Mailing-List: contact solr-user-help@lucene.apache.org; run by ezmlm
Precedence: bulk
Reply-To: solr-user@lucene.apache.org
Message-ID: <1448526745.9730.250.camel@te-prime>
Subject: Re: [Faceting] Exact Value Faceting VS ID Faceting
From: Toke Eskildsen <te@statsbiblioteket.dk>
Reply-To: <te@statsbiblioteket.dk>
To: <solr-user@lucene.apache.org>
Date: Thu, 26 Nov 2015 09:32:25 +0100
In-Reply-To: 
 <CAB-fSbwMpb6VJpvbZs8qcuouDvpeqk9wtaGJrx4YHinpR-T4yg@mail.gmail.com>
References: 
 <CAB-fSbwMpb6VJpvbZs8qcuouDvpeqk9wtaGJrx4YHinpR-T4yg@mail.gmail.com>
Organization: State and University Library, Denmark
Content-Type: text/plain; charset="UTF-8"
MIME-Version: 1.0
Content-Transfer-Encoding: 7bit

On Wed, 2015-11-25 at 15:56 +0000, Alessandro Benedetti wrote:
> I would like to have docValues because facets are going to be heavy on
> those fields.

> *Faceting approach *
> *1) *Indexing the human readable field value

Technically this will be a SORTED or SORTED_SET, which again means that
a pool of terms is maintained for each segment. The mapping from
documents to terms are done using ordinals, which are not comparable
across segments.

> Facets will be returned readable, out of the box.
> I can not see any cons in this approach, I would say it is the standard one.
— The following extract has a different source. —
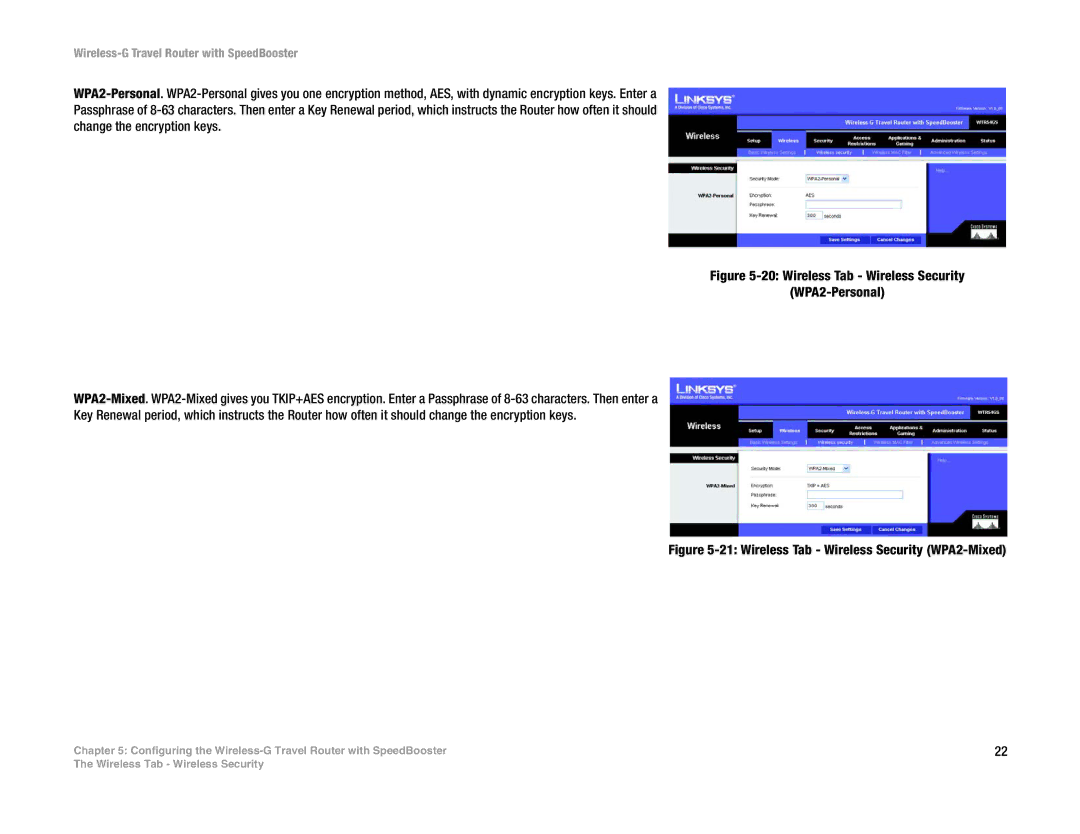 Linksys WTR54GS manual Wireless Tab Wireless Security WPA2-Mixed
With multiple segments, the terms from each segment must somehow be
aligned, do avoid duplicate entries in the result. This can either be
done be creating a segment_ordinal->global_ordinal map upon first
faceting call (facet.method=fc) or by on-the-fly comparison of top-X
terms from each segment (facet.method=fcs). Either way, there is a
performance penalty.

>    - When calculating faceting, in memory it is used the ordinal for each
>    term, which means in memory we don't waste space for the actual term, or
>    waste the time looking up for the value until the very end of the process,
>    after the counts are done .

The segment_ordinal->global_ordinal requires memory linear to the number
of unique values in the field. If fcs is used, there will be more term
lookups.

> *2)* Correlate outside the search system each term to a custom ID. Index
> the custom ID. After facets are calculated resolve the ID and show the
> human readable labels.

Assuming the ID is an integer (about the only thing that makes sense),
this ensures that the IDs are comparable across segments, so no
segment->global mapping is needed. This removes the performance penalty
described above and is (as far as I understand) the principle behind
Lucene faceting.

On the other hand, this approach is indeed more complicated and it
introduces another hotspot both for indexing (as document construction
requires a lookup in the term provider) and searching (for resolving the
final terms).


If we had a hashing method String->long and guaranteed that there would
be no collisions (or we accepted the occasional faulty result), then we
could avoid the segment->global map as well as the centralized term
server. To my knowledge, this has not yet been attempted.

- Toke Eskildsen